TASK GOAL | Reply only with how many lines in these entries hold the string "Bedroom".
━━━━━ INPUT ━━━━━
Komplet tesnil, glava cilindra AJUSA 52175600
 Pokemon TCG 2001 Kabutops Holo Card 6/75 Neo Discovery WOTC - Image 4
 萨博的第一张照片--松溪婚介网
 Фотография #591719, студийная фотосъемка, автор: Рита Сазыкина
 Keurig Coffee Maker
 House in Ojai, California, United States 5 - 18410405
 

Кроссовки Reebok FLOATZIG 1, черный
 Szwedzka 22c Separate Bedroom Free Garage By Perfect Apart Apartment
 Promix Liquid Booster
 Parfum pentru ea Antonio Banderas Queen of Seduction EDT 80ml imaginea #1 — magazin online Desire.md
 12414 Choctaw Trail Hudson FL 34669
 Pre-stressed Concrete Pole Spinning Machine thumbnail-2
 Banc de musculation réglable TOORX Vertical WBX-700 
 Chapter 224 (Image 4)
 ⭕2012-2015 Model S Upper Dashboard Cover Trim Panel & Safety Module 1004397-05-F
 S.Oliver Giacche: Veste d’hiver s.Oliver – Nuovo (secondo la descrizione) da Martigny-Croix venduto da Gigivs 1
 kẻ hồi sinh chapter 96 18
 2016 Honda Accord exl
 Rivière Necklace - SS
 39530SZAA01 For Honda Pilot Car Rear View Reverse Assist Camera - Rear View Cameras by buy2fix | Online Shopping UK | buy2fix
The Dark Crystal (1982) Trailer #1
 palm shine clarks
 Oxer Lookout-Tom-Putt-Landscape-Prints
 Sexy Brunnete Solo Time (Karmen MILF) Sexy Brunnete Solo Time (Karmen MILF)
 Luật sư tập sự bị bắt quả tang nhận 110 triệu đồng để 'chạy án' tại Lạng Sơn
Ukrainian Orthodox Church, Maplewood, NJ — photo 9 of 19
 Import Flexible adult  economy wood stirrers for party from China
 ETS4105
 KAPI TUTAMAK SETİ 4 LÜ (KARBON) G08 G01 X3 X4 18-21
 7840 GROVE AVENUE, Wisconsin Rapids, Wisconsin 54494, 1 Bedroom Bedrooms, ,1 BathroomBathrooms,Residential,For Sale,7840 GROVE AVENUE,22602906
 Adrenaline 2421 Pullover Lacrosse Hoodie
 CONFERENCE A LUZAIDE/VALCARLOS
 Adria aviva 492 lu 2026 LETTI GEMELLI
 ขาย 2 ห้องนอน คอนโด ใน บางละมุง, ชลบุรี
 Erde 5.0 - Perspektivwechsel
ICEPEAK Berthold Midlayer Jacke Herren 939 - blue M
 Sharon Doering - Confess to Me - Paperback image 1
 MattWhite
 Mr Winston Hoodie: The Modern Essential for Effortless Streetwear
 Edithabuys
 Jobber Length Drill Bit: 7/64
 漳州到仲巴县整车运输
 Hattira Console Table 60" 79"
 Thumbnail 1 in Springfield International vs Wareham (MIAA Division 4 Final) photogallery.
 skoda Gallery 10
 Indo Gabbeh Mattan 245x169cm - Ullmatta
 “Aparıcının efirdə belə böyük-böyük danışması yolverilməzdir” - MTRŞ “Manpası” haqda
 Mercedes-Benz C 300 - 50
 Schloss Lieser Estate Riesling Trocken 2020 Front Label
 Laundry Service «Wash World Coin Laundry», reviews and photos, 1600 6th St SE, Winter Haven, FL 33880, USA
━━━━━
EXERCISE OUTPUT | 2